The BLM describes a master leasing plan as a way “to restore needed balance to the development process by improving protections for land, water and wildlife” and to address potential conflicts.
An MLP would provide a crucial step between the more general, overarching resource management plan and approvals for specific leases and drilling permits, when there’s limited opportunity for analysis of the potential, cumulative impacts, said Suzanne O’Neill, executive director of the Colorado Wildlife Federation, which formally proposed South Park for an MLP.
“The BLM’s rejection on Tuesday of an MLP for South Park is an opportunity lost,” O’Neill added. “The BLM’s explanation was that it would be jumping the gun because South Park hasn’t seen that much oil and gas activity. But that’s precisely the right time to act, before the great tracts of unfragmented habitat are carved up and the South Platte and its tributaries are threatened.”
About 450 people and businesses, many of them from the South Park area, signed a petition asking the BLM to approve an MLP to conserve one of the “last wild places” while allowing energy development.

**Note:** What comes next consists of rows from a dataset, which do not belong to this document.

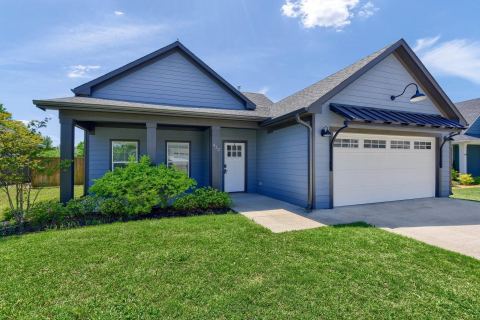412 Carneros Drive, Sherman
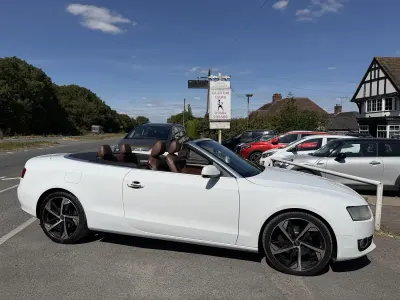 Used Audi A5 Cabriolet 157 HP (115 kW) 2011 White Cabriolet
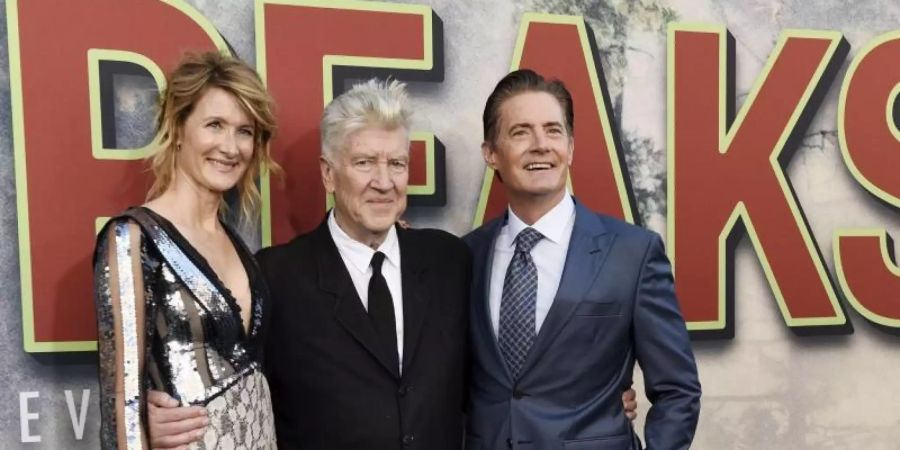 Der US-amerikanische Produzent und Regisseur David Lynch (M) und die US-Schauspieler Laura Dern und Kyle MacLachlan stehen bei der Premiere der Fernsehserie «Twin Peaks» zusammen. Foto: Chris Pizzello/Invision/AP/dpa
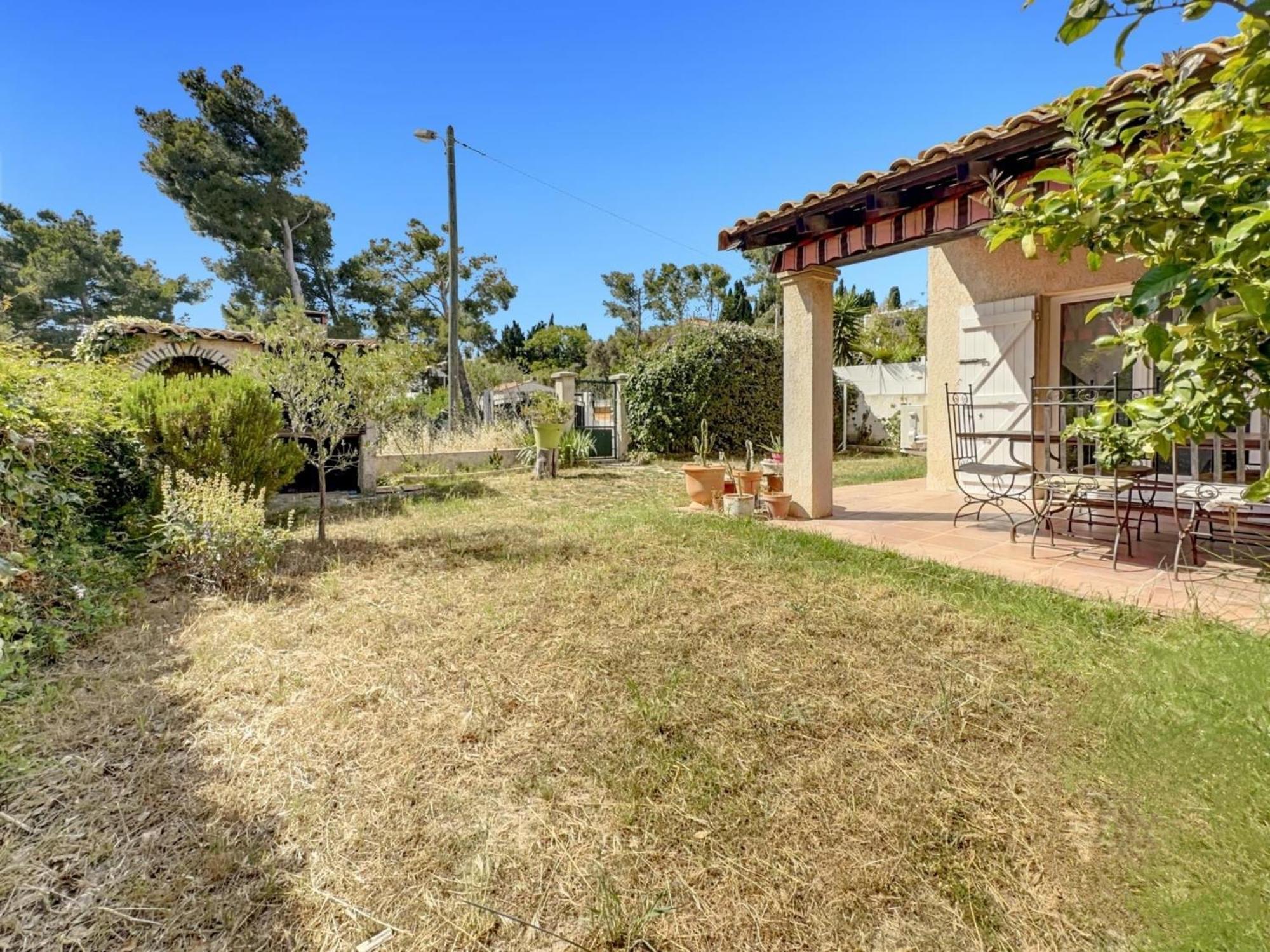Maisonnette Kalis Calme Avec Climatisation Parking Jardin Cadre Campagne Plages A Pieds Bandol Exterior photo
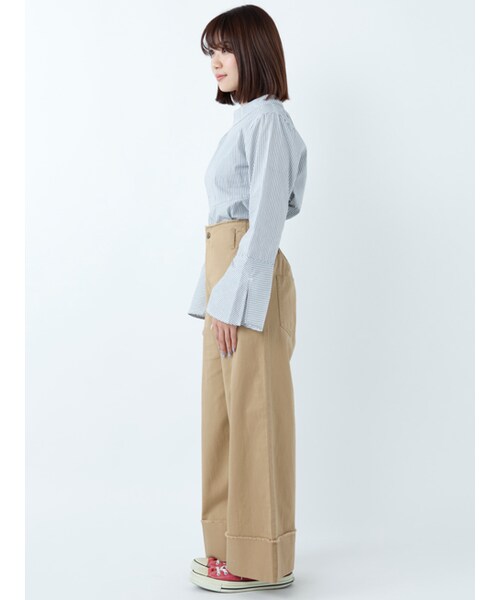 w closet（ダブルクローゼット）の「【S/S】カットオフツイルロールアップパンツ（パンツ・レディース・ベージュ・FREE）」の3枚目の写真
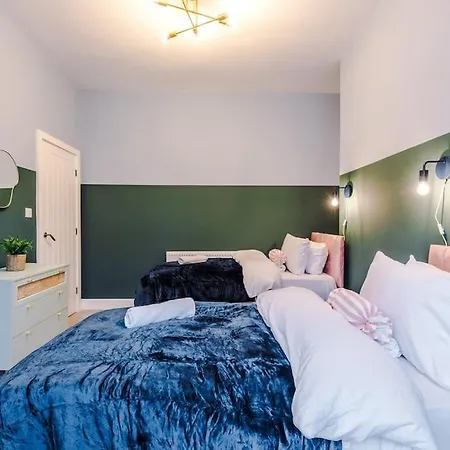 5 Bed Salford Sanctuary Retreat Hébergement de vacances Manchester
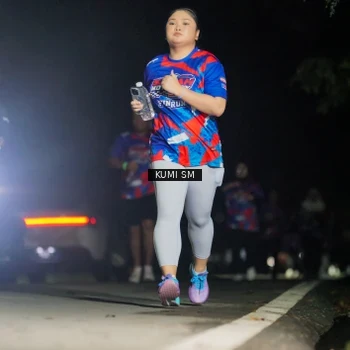 Runner Photo 6063575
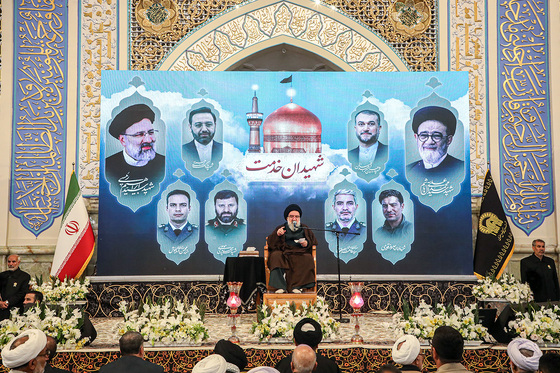 مراسم بزرگداشت شهدای خدمت در حرم مطهر رضوی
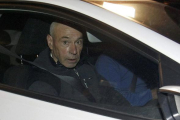 El histórico dirigente etarra Santiago Arrospide Sarasola, alias Santi Potros, en el interior de un coche tras su salida esta tarde de la cárcel Alicante II de Villena.-EFE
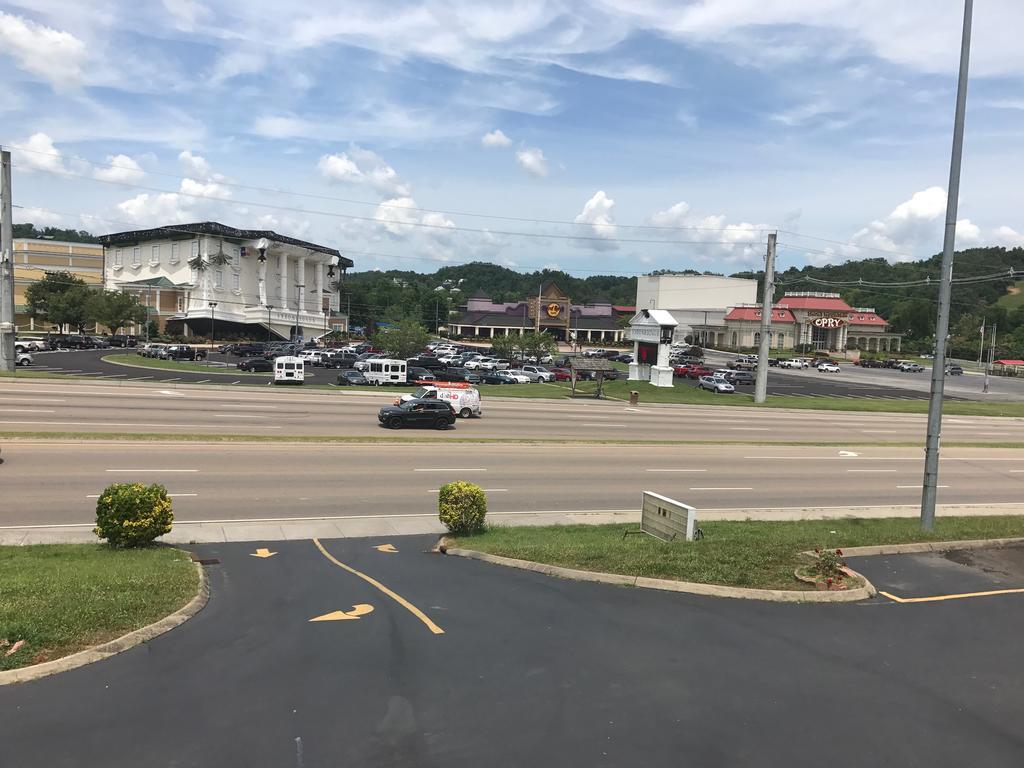 Smoky View Inn Pigeon Forge Exterior photo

In Colorado’s North Park, a site proposed by the BLM itself for a master leasing plan, agency officials deemed the proposal too late because the area already is “substantially leased.”

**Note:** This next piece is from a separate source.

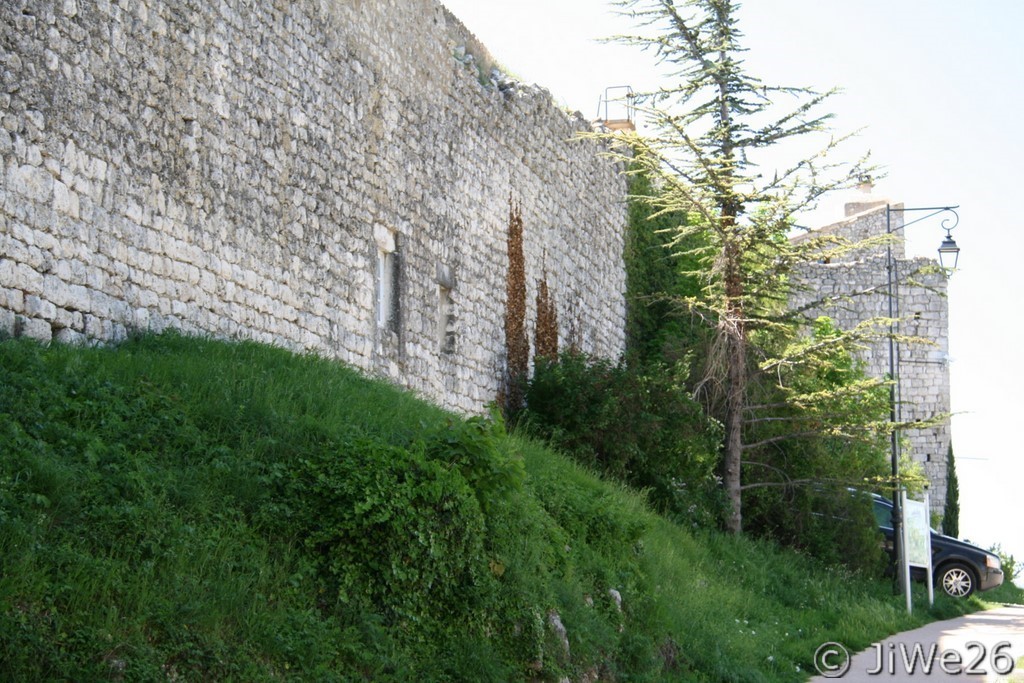 Les remparts de La-Garde-Adhémar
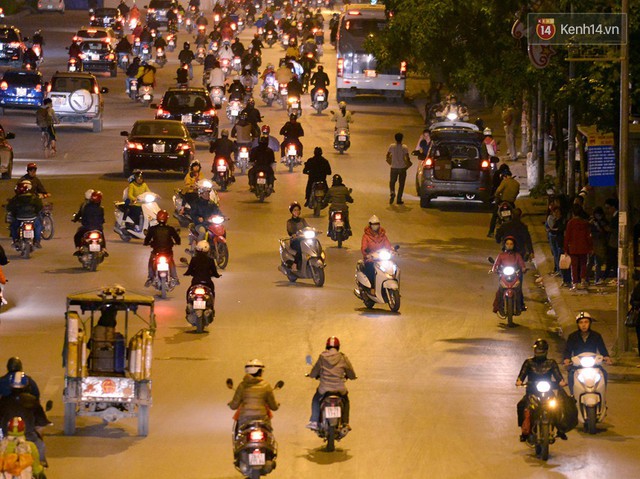 Chùm ảnh: Đây là cảnh tượng diễn ra mỗi ngày trên tuyến đường Hà Nội dự kiến cấm xe máy vào giờ cao điểm - Ảnh 15.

“So, it would appear that we are too late for North Park and too early for South Park,” SFRED wrote in a Feb. 1 letter to BLM Director Bob Abbey.

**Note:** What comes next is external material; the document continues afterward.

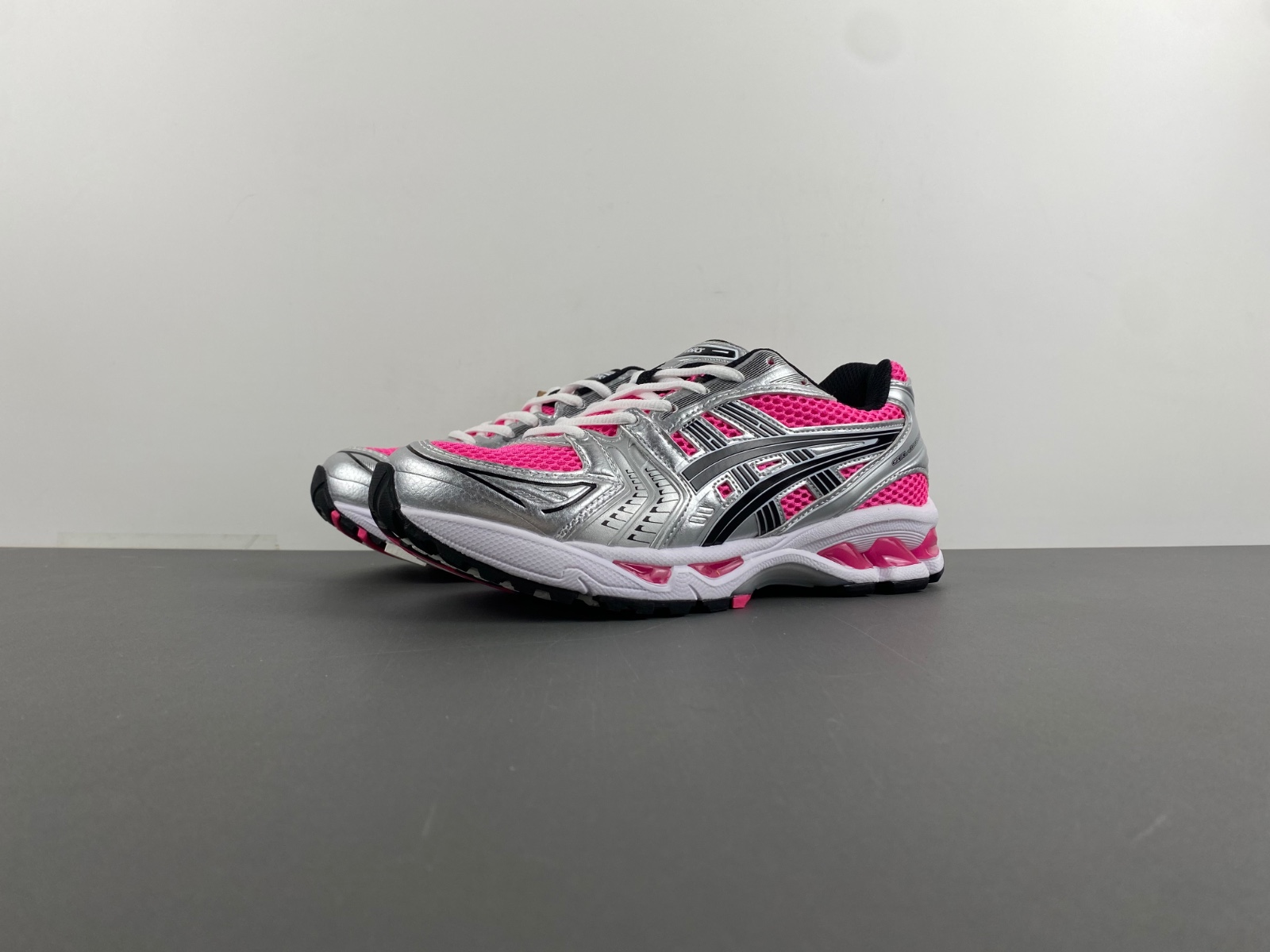 As*ic*s gel-kayano 14 1201a019-700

The lack of final guidance for the development of MLPs has created confusion within the agency and among the public about where and when the plans should be used, according to SFRED.
North Park contains the headwaters of the North Platte River and is home to moose, elk, bear, pronghorn, mule deer and the greater sage-grouse, which is a candidate for listing under the Endangered Species Act. Both North Park and South Park already have oil and gas wells and sit atop the oil-rich Niobrara formation, seen as possibly the nation’s next big play.
“If not North Park and South Park, where are they going to do MLPs?” asked Trout Unlimited’s Bob Meulengracht, who lives in Colorado. “The BLM is in the process of writing new resource management plans, yet they’re pooh-poohing the idea of master leasing plans.’’
Meulengracht challenged the BLM’s reasoning that at roughly 50 percent, too much of North Park is already leased to preclude preparation of an MLP.
“What makes 50 percent substantial?” Meulengracht asked. “North Park has been called the Serengeti of Colorado, and that characterization is absolutely appropriate. It has some of the best hunting and fishing around. It’s a special place, one worth conserving.”
Sportsmen for Responsible Energy Development is a coalition of more than 500 businesses, organizations and individuals dedicated to conserving irreplaceable habitats so future generations can hunt and fish on public lands. The coalition is led by Trout Unlimited, the Theodore Roosevelt Conservation Partnership and the National Wildlife Federation.